Today, we are excited to announce that Oticon Medical has extended its partnership with Greenlight Guru Clinical for another 3 years.

All celebration aside, we wanted to get a closer understanding of what’s inspired Oticon Medical to remain such a loyal client, the impact our clinical data solutions have had on their business, and the platform features they’ll be looking to in years to come on the road of continued clinical excellence.

Oticon Medical’s partnership with Greenlight Guru Clinical began

When Oticon first came to Greenlight Guru Clinical (formerly SMART-TRIAL) in 2018, they were looking to upgrade their methods of data collection. The general purpose tools like paper-based forms and survey software had become frustrating and inefficient to manage, as too much time was being spent manually transcribing data. As a result, the company was lacking in data transparency and the usage of internal resources on data management was high. 

Oticon selected Greenlight Guru's EDC software as the solution that could minimize and/or eliminate the use of paper, help improve compliance with industry standards and regulations and be easy to use. 

The first use of Greenlight Guru Clinical at Oticon Medical was for ongoing data management of their Ponto sound processor product—one which enables those with a partial hearing loss to understand what others are saying by protecting speech clarity and fading out background noise.

The effects of the switch included improved overview, internal communication, data security, and compliance rates. In addition to enabling better compliance with regulations, an estimated return on investment (ROI) was 136% in the first 24 months and more than 270% after four years. The company also estimates that they now complete studies 130-140% faster since switching to Greenlight Guru Clinical.

Additionally, the number of hours spent on printing and transcribing data was substantially reduced and over 199 days a year are saved on data management.
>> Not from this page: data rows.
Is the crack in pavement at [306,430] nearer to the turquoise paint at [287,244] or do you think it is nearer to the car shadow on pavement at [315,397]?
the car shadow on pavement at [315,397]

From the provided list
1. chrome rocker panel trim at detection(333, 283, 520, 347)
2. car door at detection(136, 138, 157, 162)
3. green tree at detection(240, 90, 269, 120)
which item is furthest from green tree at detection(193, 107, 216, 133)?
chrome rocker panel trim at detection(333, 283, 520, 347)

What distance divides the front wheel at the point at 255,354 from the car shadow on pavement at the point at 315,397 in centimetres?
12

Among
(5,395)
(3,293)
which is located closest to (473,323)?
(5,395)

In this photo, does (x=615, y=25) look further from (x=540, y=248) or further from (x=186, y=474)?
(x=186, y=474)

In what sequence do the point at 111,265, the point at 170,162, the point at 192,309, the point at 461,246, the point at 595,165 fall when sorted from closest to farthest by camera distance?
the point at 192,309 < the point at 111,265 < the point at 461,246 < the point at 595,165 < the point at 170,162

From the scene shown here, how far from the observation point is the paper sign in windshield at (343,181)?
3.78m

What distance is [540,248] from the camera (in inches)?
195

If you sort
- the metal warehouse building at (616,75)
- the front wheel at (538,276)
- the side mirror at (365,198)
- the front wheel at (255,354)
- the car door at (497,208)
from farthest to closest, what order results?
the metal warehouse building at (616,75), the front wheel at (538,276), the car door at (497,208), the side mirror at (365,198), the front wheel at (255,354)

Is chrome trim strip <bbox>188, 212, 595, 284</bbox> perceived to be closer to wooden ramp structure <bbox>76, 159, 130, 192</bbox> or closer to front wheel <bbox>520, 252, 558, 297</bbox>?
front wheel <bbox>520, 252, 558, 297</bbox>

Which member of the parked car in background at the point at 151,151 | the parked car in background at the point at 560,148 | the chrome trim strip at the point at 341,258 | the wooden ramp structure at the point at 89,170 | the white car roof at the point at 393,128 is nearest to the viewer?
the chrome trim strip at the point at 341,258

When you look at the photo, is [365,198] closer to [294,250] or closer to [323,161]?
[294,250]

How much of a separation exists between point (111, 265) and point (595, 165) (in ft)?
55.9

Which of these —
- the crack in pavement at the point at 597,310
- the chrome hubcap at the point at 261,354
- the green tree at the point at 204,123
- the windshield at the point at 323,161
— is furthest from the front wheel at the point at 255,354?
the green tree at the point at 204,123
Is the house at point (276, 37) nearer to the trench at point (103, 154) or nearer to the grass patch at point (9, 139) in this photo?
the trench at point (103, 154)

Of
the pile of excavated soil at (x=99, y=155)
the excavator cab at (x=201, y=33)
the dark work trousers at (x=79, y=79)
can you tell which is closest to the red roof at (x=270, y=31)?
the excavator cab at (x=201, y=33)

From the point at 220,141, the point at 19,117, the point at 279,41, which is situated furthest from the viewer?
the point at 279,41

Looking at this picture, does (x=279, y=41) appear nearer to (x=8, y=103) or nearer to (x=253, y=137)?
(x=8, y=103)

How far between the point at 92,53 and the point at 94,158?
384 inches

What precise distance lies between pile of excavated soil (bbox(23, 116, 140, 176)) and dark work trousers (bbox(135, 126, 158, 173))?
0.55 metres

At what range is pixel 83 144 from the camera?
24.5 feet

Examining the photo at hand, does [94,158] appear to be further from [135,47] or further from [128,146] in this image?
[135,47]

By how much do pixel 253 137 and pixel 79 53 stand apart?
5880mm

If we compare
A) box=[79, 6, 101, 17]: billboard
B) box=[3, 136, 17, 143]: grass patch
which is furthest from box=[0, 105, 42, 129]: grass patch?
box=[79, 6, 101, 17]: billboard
Having implemented Greenlight Guru Clinical, Oticon has reported improved overview, internal communication, data security and compliance rates.
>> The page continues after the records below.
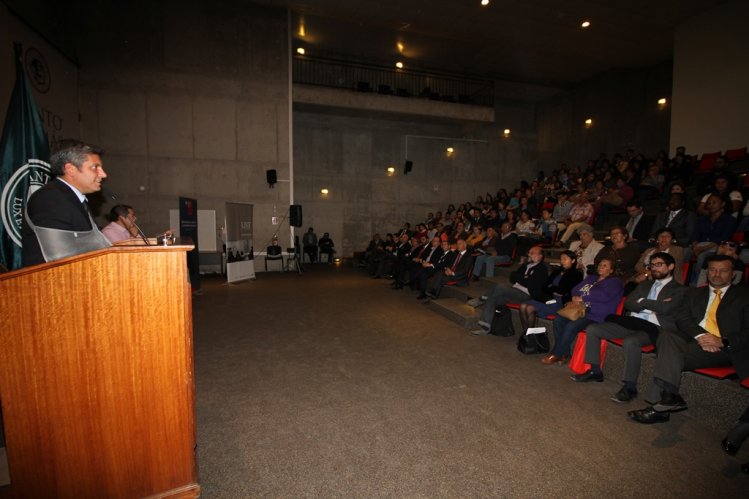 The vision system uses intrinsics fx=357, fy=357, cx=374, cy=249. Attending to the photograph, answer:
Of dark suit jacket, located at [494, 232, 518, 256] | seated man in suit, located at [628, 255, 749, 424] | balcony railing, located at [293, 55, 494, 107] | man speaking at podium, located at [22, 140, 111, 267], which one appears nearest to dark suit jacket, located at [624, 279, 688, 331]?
seated man in suit, located at [628, 255, 749, 424]

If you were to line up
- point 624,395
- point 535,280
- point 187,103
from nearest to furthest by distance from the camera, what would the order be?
point 624,395 < point 535,280 < point 187,103

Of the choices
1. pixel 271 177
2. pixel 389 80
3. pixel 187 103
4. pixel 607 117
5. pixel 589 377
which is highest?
pixel 389 80

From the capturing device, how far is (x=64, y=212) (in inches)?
57.4

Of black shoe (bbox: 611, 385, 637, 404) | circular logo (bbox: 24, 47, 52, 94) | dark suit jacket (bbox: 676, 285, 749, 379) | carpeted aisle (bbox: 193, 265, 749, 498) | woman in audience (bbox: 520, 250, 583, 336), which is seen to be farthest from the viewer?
circular logo (bbox: 24, 47, 52, 94)

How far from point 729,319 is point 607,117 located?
490 inches

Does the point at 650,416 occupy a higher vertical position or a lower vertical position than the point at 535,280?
lower

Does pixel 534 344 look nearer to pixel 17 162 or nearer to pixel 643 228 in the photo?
pixel 643 228

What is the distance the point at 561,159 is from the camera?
1441 centimetres

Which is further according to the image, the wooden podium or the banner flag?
the banner flag

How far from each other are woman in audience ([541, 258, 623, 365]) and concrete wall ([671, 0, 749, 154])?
704 centimetres

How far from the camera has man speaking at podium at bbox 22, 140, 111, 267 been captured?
1418mm

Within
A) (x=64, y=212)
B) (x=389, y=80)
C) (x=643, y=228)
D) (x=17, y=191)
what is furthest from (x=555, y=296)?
(x=389, y=80)

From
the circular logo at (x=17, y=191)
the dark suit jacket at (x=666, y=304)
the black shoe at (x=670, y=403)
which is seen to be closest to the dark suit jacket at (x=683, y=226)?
the dark suit jacket at (x=666, y=304)

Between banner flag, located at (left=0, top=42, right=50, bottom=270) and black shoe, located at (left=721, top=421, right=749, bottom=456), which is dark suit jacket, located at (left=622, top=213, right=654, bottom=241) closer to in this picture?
black shoe, located at (left=721, top=421, right=749, bottom=456) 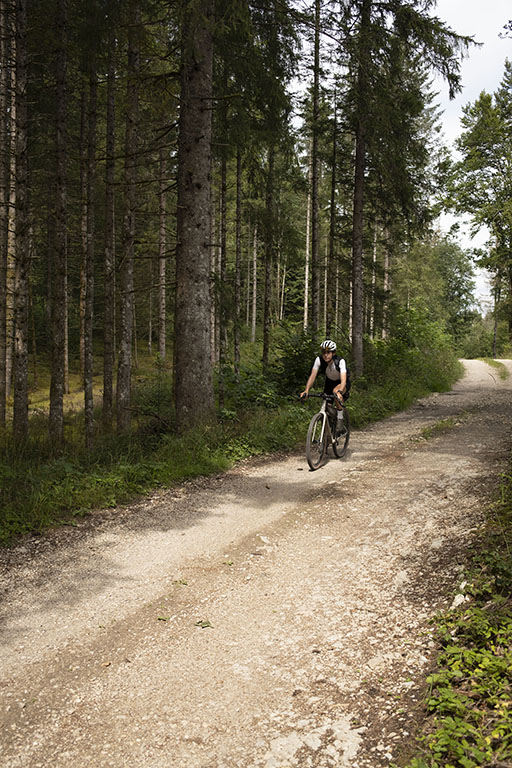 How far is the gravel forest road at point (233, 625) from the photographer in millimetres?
2945

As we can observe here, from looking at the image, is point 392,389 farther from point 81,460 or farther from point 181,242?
point 81,460

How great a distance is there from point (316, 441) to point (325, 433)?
0.28 meters

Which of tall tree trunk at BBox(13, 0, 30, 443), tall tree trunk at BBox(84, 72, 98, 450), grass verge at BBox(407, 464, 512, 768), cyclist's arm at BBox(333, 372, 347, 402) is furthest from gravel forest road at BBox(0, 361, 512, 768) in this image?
tall tree trunk at BBox(84, 72, 98, 450)

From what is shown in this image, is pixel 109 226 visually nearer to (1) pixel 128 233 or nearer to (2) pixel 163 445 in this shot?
(1) pixel 128 233

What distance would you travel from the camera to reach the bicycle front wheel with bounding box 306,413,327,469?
8758 mm

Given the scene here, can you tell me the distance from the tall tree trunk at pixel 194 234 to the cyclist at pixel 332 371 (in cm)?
216

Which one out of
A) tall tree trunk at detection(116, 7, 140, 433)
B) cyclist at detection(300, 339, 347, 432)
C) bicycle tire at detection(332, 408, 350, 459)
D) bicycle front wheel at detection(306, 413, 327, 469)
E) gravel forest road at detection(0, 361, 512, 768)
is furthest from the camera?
tall tree trunk at detection(116, 7, 140, 433)

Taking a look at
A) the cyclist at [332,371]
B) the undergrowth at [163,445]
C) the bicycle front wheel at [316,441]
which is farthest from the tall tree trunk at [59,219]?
the cyclist at [332,371]

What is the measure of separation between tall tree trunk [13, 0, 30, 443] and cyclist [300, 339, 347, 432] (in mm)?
6366

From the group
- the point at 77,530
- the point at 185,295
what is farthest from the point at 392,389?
the point at 77,530

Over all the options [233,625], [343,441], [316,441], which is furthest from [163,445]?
[233,625]

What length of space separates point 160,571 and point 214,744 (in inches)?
87.7

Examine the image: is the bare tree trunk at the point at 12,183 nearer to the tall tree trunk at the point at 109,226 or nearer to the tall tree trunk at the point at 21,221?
the tall tree trunk at the point at 21,221

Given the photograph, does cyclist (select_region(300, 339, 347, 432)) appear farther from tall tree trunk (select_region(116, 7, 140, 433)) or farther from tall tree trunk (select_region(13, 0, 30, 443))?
tall tree trunk (select_region(13, 0, 30, 443))
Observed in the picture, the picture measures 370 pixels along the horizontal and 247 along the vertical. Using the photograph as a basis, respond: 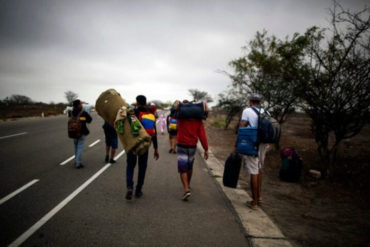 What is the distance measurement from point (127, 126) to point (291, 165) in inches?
187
Why Oticon Medical keeps choosing Greenlight Guru Clinical

We wanted to get a deeper understanding of what aspects of Greenlight Guru Clinical had made our partnership with Oticon Medical so fruitful. So, we sat down with Maria Åberg Håkansson, Director Clinical Affairs at Oticon Medical, who told us the three major benefits that keep them coming back.
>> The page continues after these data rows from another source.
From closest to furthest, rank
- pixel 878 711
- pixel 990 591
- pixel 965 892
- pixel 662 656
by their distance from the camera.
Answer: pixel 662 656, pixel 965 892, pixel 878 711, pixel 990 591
Greenlight Guru Clinical easy-to-use platform simplifies the clinical experience

When clinical teams are forced to use general purpose tools or ones created for pharmaceutical trials, the results can be less-than-ideal. Processes slow down, data collection becomes inefficient, and compliance becomes next to impossible. But why? It’s because clinical studies for medical devices are built differently, and require solutions that are purpose-built for MedTech. 

“There's such a big difference in how you work and conceptualize medical device studies compared to pharma. What you often see when you try to evaluate EDC systems for clinical devices or clinical studies, you see a lot of features that you really don't need from a medical device perspective. I think that the strongest asset you have with SMART-TRIAL is that- its MedTech specificity." Maria Håkansson, Director of Clinical Affairs at Oticon Medical

For Håkansson, one of the biggest benefits of using our clinical solution has been the way it works with their clinical processes, not against it.

“In the typical medical device setting, I would argue that you don't see specialized data managers or programmers handling data management or working with these kinds of systems. You really need easy to use systems because you have much broader roles in your clinical team. That is what I see in our team right now— every person has operational functionality without needing additional training.”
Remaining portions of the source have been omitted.